In this quintessential adventure story, Jack London takes readers on an arduous journey through the forbidding Alaskan landscape during the gold rush of the 1890s. Buck, a rangy mixed breed used to a comfortable, sun-filled life as a family dog, is stolen by a greedy opportunist and sold to dog traffickers. In no time, Buck finds himself on a team of sled dogs run ragged in the harsh winter of the Klondike. In a climate where every day is a savage struggle for survival, the last traces of Buck's soft, pampered existence are erased as his dormant primordial urges -- deeply embedded for generations -- are brutally awakened.
The superb detail, taken from London's firsthand knowledge of Alaskan frontier life, makes this classic tale as gripping today as it was almost a hundred years ago. No other novel has so clearly shown the fragile separation between tame and wild, between man and beast. Now, paired with master illustrator Wendell Minor's exquisite paintings, this timeless story is available in a handsome new addition to the Scribner Illustrated Classics collection.
This book is part of a book series called Scribner Classics .
There are 128 pages in this book. This book was published 1999 by Simon & Schuster .

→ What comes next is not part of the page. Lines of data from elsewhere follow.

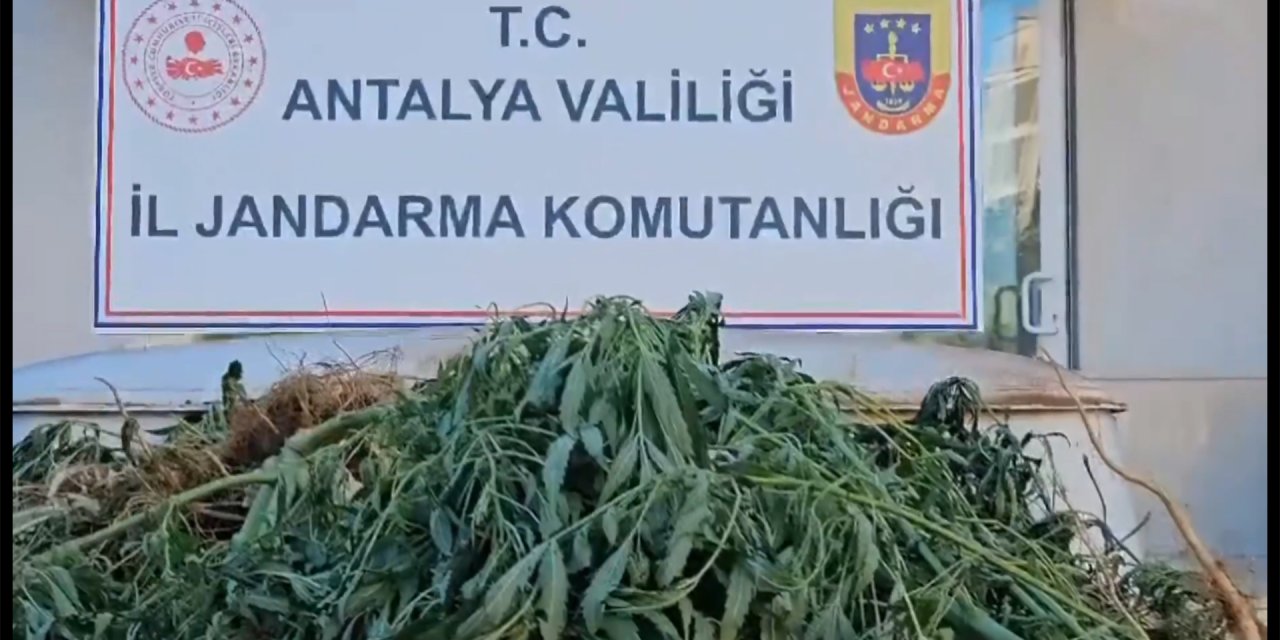 Uyuşturucu Tacirlerine 'Narkoçelik-24' Operasyonlarında, 28 Tutuklama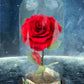 Rosa de la Bella y la Bestia - Rosa en Cristal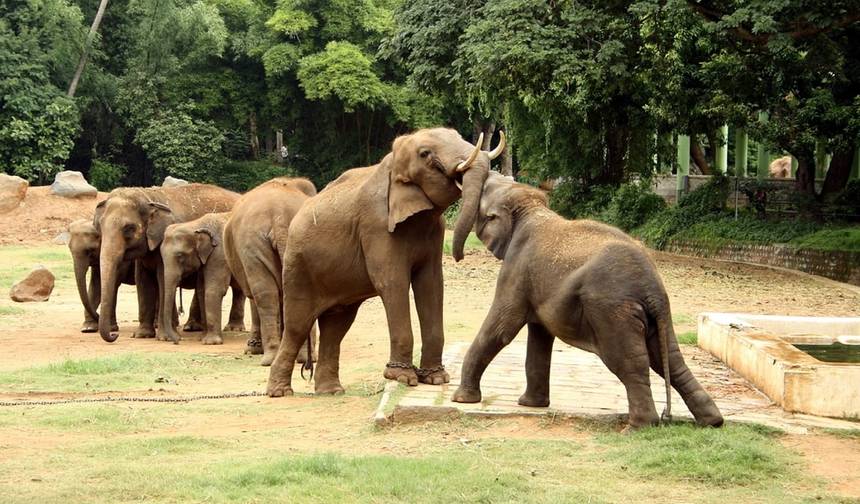Explore Karnataka Tour Package With Kerala — 1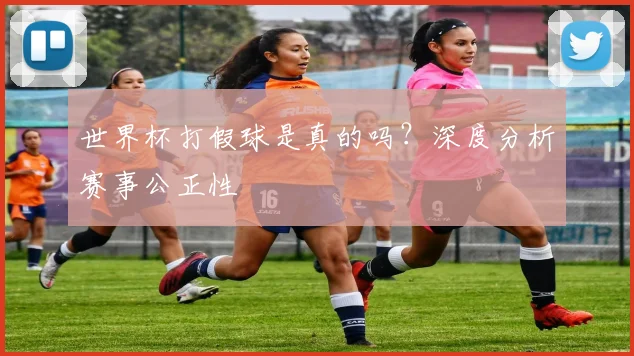 世界杯打假球是真的吗？深度分析赛事公正性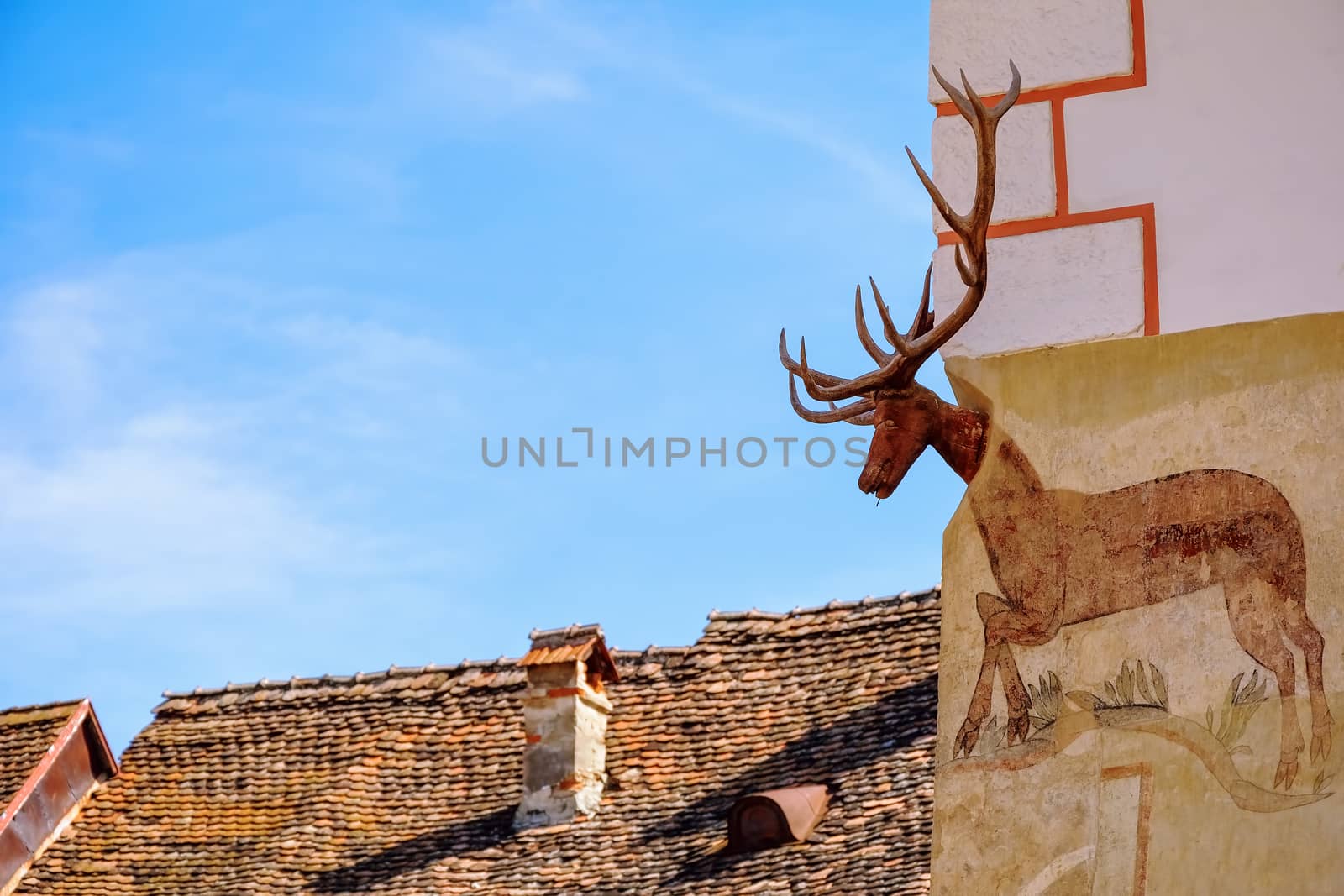 Corner of a House with a Deer Head by SNR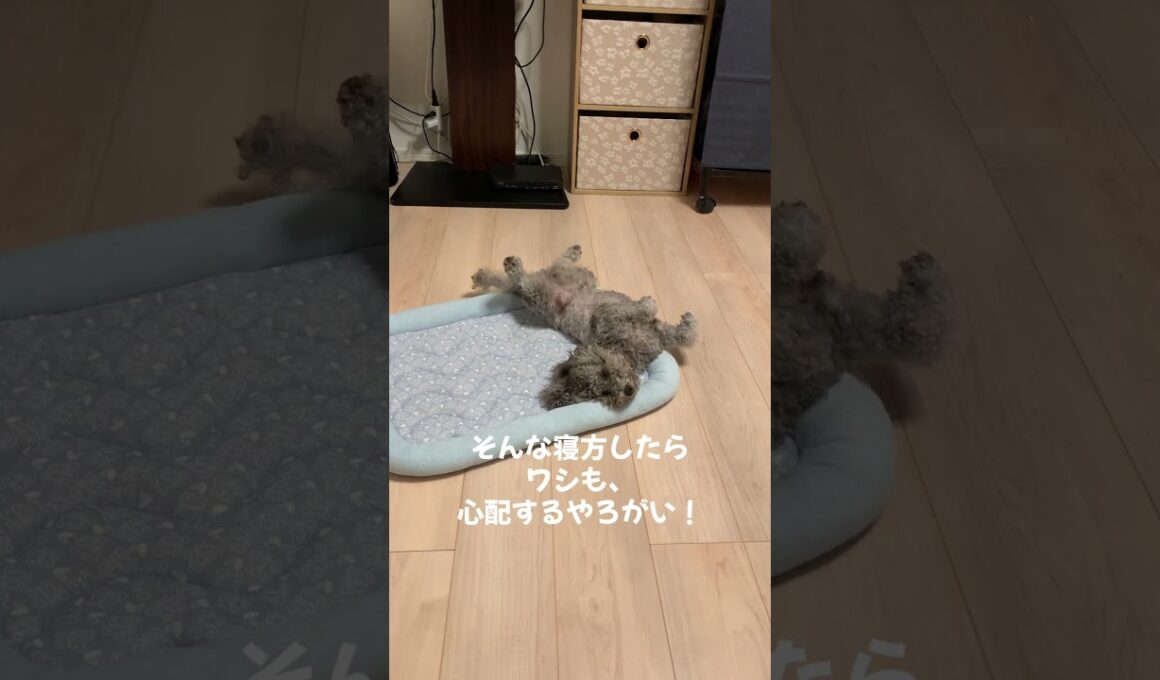 トイプードル#寝相 #元気 #可愛い #平和 #散歩 #海を散歩 #おもしろ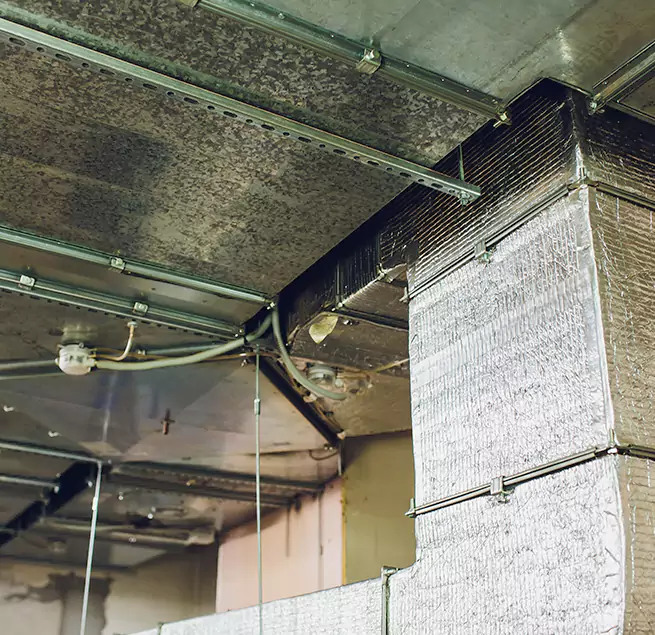 Why Homeowners & Businesses Trust Us in South Holland, IL?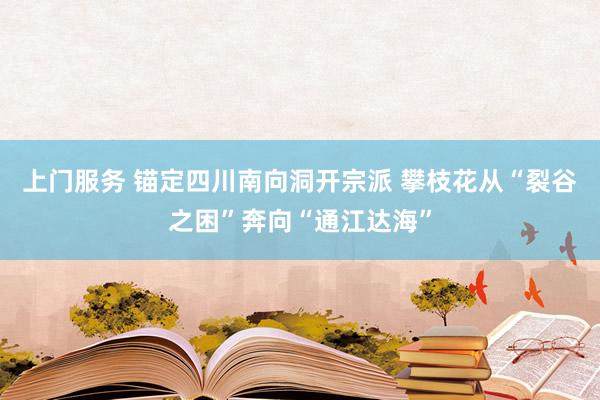 上门服务 锚定四川南向洞开宗派 攀枝花从“裂谷之困”奔向“通江达海”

Wendell Minor is the illustrator of many award-winning picture books for children, including Robert Burleigh's Abraham Lincoln Comes Home , If You Spend a Day with Thoreau at Walden Pond and Edward Hopper Paints His World , as well as the New York Times-bestselling Reaching for the Moon by Buzz Aldrin. He lives in Washington, Connecticut.
This book contains the following story:
Call of the Wild
Stolen from his pampered life on a Californian estate and shipped to the Klondike to work as a sledge dog, Buck triumphs over his circumstances and becomes the leader of a wolf pack. The story records the 'decivilisation' of Buck as he answers 'the call of the wild', an inherent memory of primeval origins to which he instinctively responds.